Recipient in India remains unidentified.
By Deepak Chitnis
WASHINGTON, DC: A US citizen has pleaded guilty to charges that he sent sensitive military information to India, in strict violation of US espionage laws.
Robert Luba, a 47 year-old contractor with the US Department of Defense, sent to India various blueprints that showed the inner workings of a variety of military hardware used by the US. Some of the blueprints even showed parts of top-secret US nuclear submarines.
Additionally, Luba is also guilty of having installed pins into the wings of Indian-made F-15 fighter planes that turned out to be faulty. The defective pin installation, which may have occurred on as many as 47 individual planes in the US Air Force, has cost the US government close to $166,000.
It is not known exactly who in India was receiving the things that Luba was sending (court documents list the recipient as alias “RP”), but Luba’s methods and motive for transmitting the classified information from the US to India have come to light.

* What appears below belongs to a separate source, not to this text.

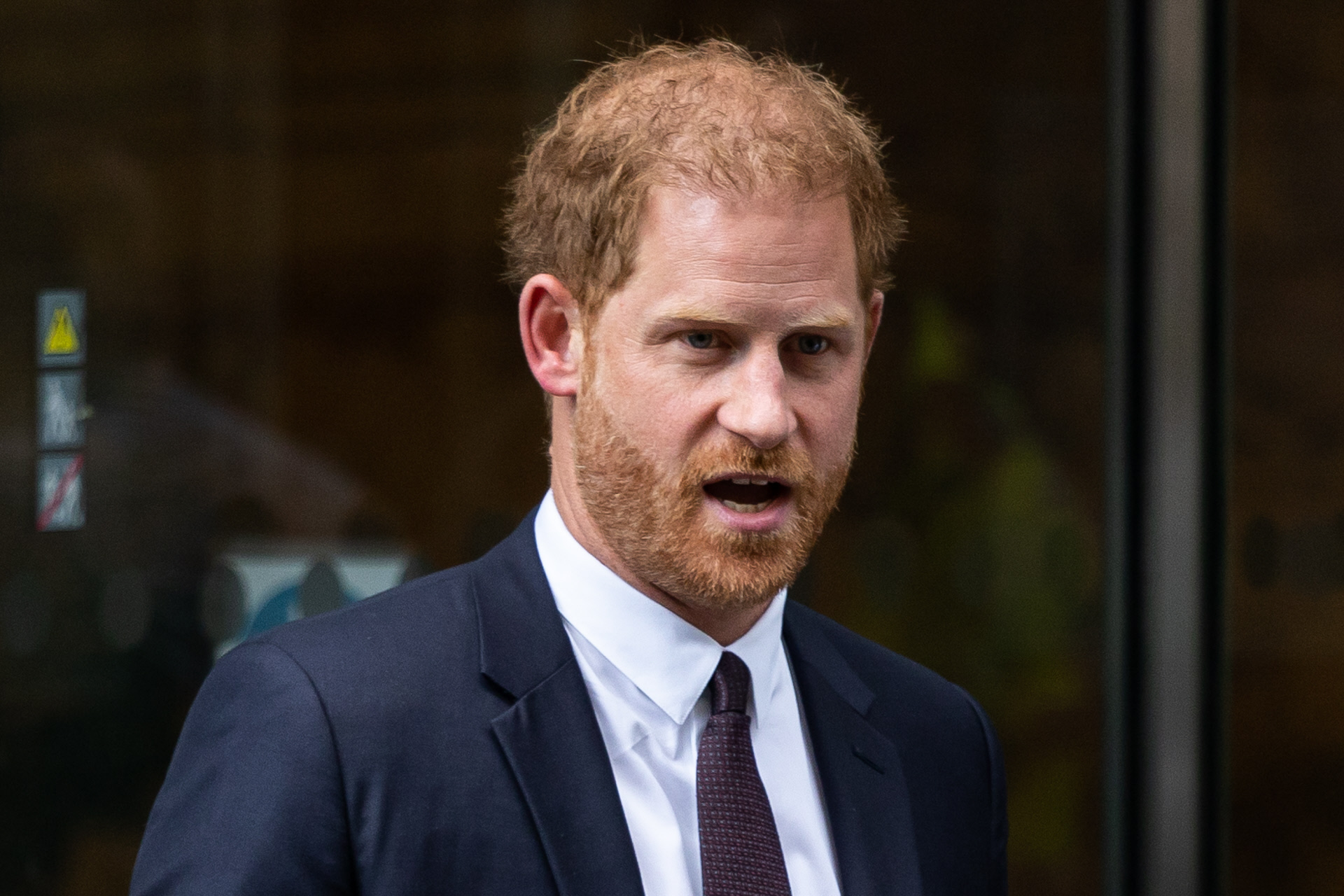 El príncipe Harry sale del juicio serio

Luba would use a password-protected website belonging to a church near his home in New Jersey to transmit the information, although the church was unaware that this was going on. He would email RP the data for certain parts that the US Defense Department needed so that the two could negotiate on a price ahead of time, which Luba would then use to decide if he could bid on certain Defense Department contracts. If the price negotiated was low enough, Luba could get the contract cheaply, unfairly edging out his competition.
Prosecuting attorney Paul J. Fisherman emphatically denounced Luba’s actions, saying that he “not only jeopardized the lives of men and women on the front lines of our national defense, he put all Americans at risk, all in the name of making a buck.”
Luba is the owner and general manager of Allied Components, a manufacturing company, as well as the owner of OneSource USA. His sentencing is scheduled for February 19, 2014; he faces $1 million in fines, in addition to the $173,000 he has agreed to reimburse the Department of Defense, as well as up to 20 years in prison.